With a very real chance of all 50 U.S. states banning texting while driving, there is confirmation that teen drivers, the target of the legislature, will not heed the rules. There is even a huge study that found that with the importance of phones to their lives, teens frequently discard cell phone rules when associated with driving.
The California Highway Patrol has ticketed 163,000 drivers since mid-2008. Still, they have issued only 1,400 texting citations since January, and this is with the police working hard to catch offenders.
"The handheld cell phone is relatively easy for us to spot, we can see when somebody has their phone up to their ear," CHP spokeswoman Fran Clader told Reuters. "But with the texting it's a little bit more of a challenge to catch them in the act, because we have to see it and if they are holding it down in their lap it's going to be harder for us to see."
In July, Democratic Senator Chuck Schumer initiated a bill that would require states to ban the activity or risk the loss federal highway monies.
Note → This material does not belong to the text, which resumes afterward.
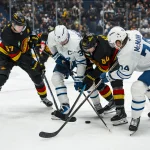 Jan 31, 2026; Vancouver, British Columbia, CAN; Vancouver Canucks defenseman Tyler Myers (57) and forward David Kampf (64) battle with Toronto Maple Leafs forward Auston Matthews (34) and forward Bobby McMann (74) in the third period at Rogers Arena. Mandatory Credit: Bob Frid-Imagn Images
Since then, Senator Jay Rockefeller has presented a different bill that would enforce the ban through state grants.
In October President Barack Obama signed an executive order forbidding federal employees from using their cell phones, including texting, while driving. Transportation Secretary Ray LaHood wants to increase that regulation to bus drivers and truckers.
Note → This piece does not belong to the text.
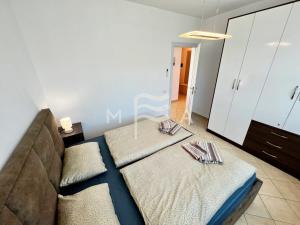 Ein Bett oder Betten in einem Zimmer der Unterkunft Orange 735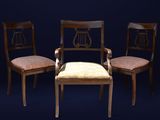 trois chaises en bois avec des coussins rembourrés beiges sur fond noir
However, a heavily cited study from the Institute for Highway Safety discovered that cell phone use in North Carolina actually increased after the state banned was enforced. A different research project by the Automobile Club of Southern California found that texting while driving actually declined after the state's law began.
"What I would say is that texting and cell phone devices have become such a component of life for teens and for young people that it's hard for them to differentiate between doing something normal and doing something wrong," said Steven Bloch, research associate for the Automobile Club, to Reuters.